Data to examine START
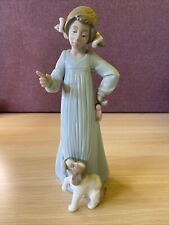 Lladro Nao Figurine "Bad Boy" - Girl With Dog & Alarm Clock - 1163 - Excellent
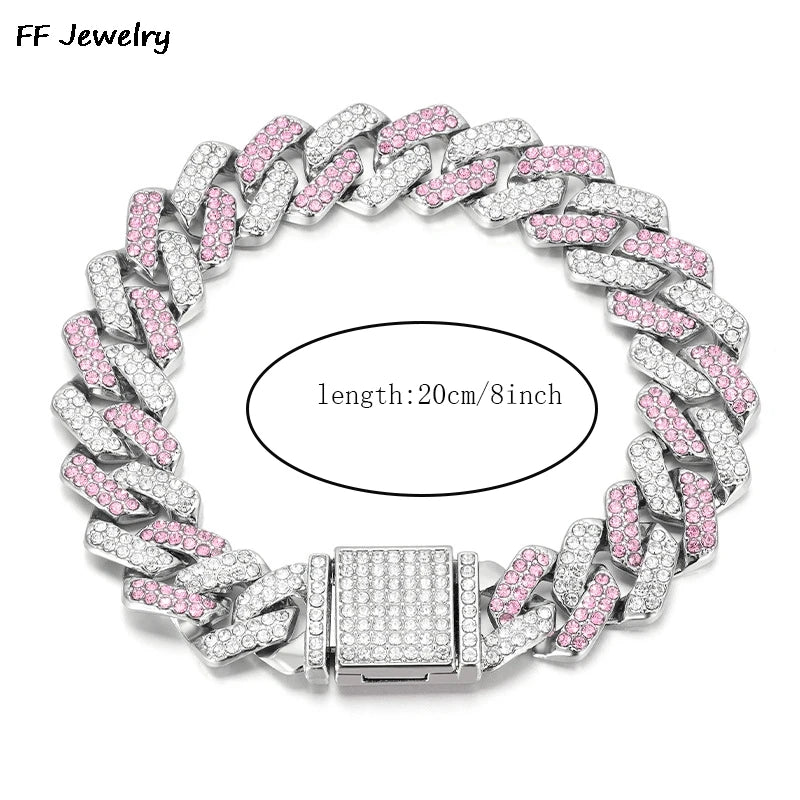 14mmHip Hop Shiny Cuban Link Chain Bracelets Women Men PINK Color Rhinestone Iced Out Chain Bracelets Punk Wristband Jewelry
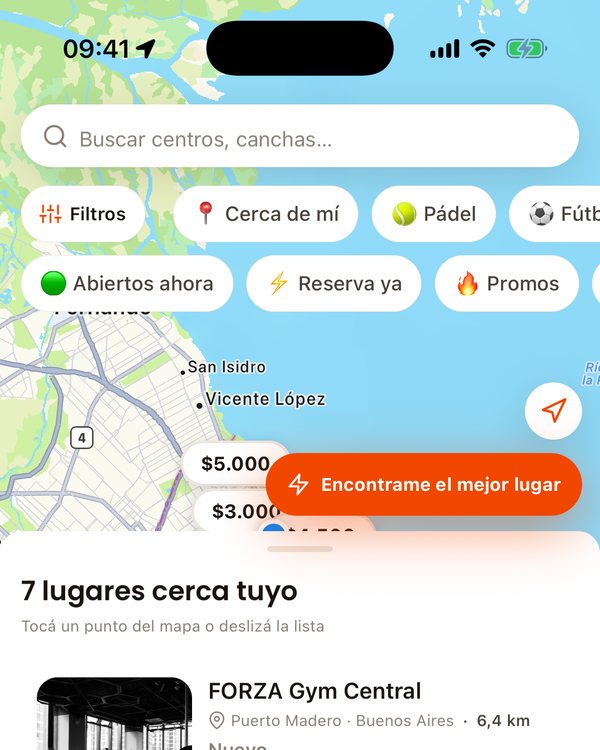 App da Forzapp: mapa com centros esportivos próximos e filtros por esporte, horário e promoções
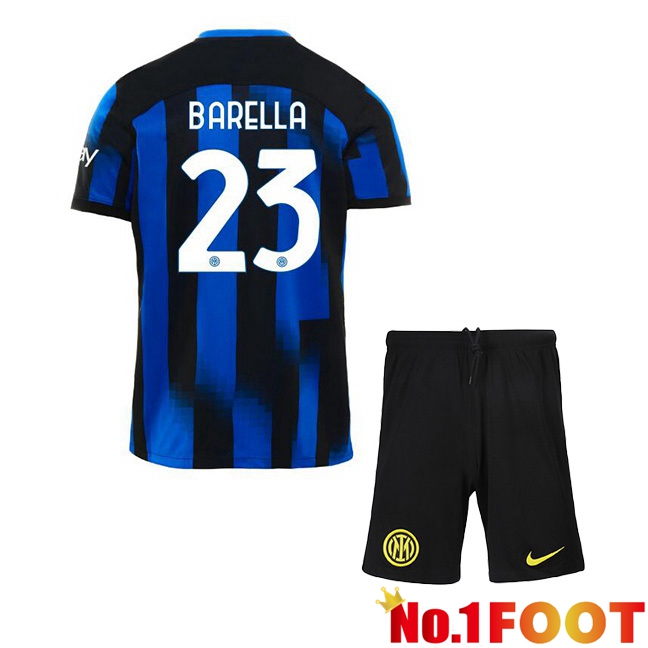 Inter Milan (BARELLA 23) Kids Home Football Jersey Blue 2023/2024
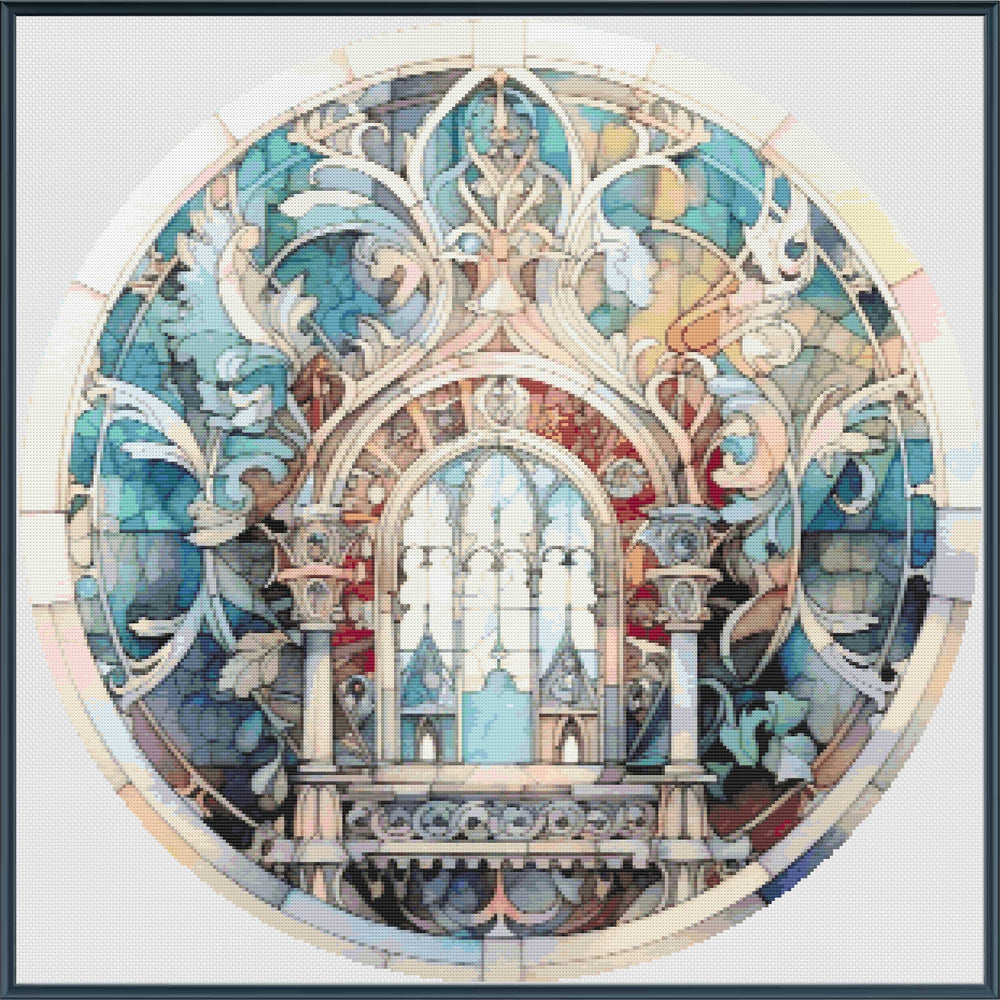 Decorative stained glass window design with intricate patterns and arches.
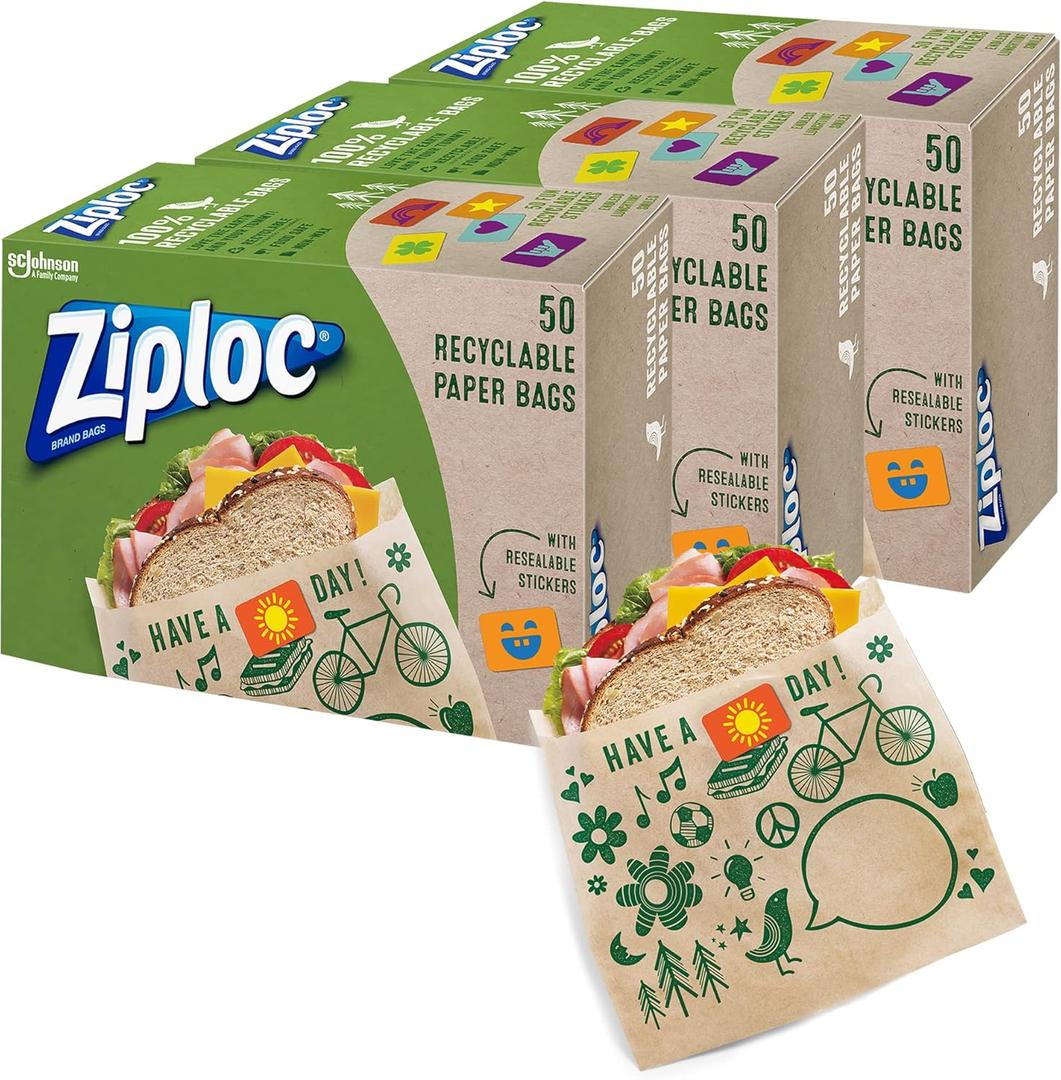 Ziploc Paper Sandwich and Snack Bags, Recyclable & Sealable with Fun Designs, 150 Bags Total (Brown)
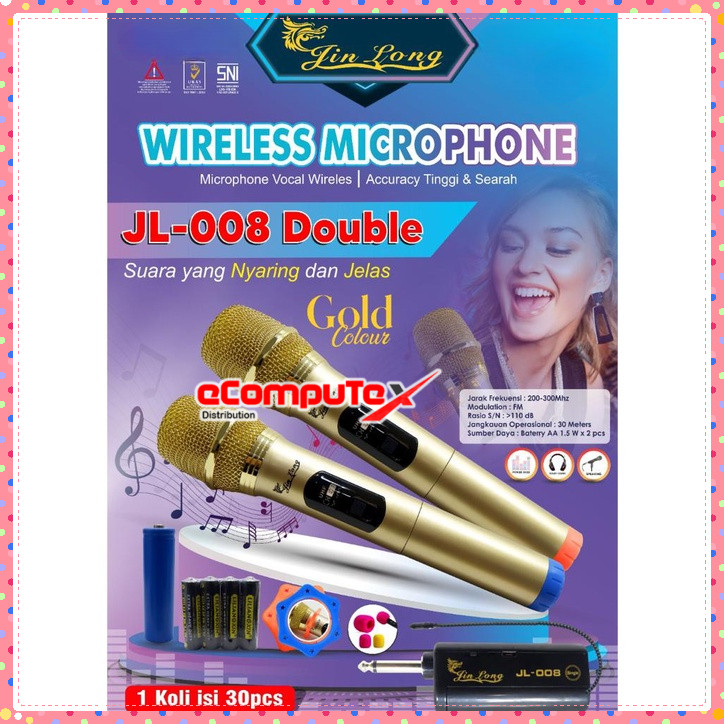 MIC WIRELESS JIN LONG JL-008 DOUBLE TANPA KABEL / 2 MIC WIRELESS TANPA KABEL JIN LONG JL 008 - ORI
Data to examine END
_Task description:_
Your copy should begin at the line containing "14mmHip Hop Shiny" and end at the last line of the data above, matching each line exactly and holding no pictures.

_Result:_
 14mmHip Hop Shiny Cuban Link Chain Bracelets Women Men PINK Color Rhinestone Iced Out Chain Bracelets Punk Wristband Jewelry
 App da Forzapp: mapa com centros esportivos próximos e filtros por esporte, horário e promoções
 Inter Milan (BARELLA 23) Kids Home Football Jersey Blue 2023/2024
 Decorative stained glass window design with intricate patterns and arches.
 Ziploc Paper Sandwich and Snack Bags, Recyclable & Sealable with Fun Designs, 150 Bags Total (Brown)
 MIC WIRELESS JIN LONG JL-008 DOUBLE TANPA KABEL / 2 MIC WIRELESS TANPA KABEL JIN LONG JL 008 - ORI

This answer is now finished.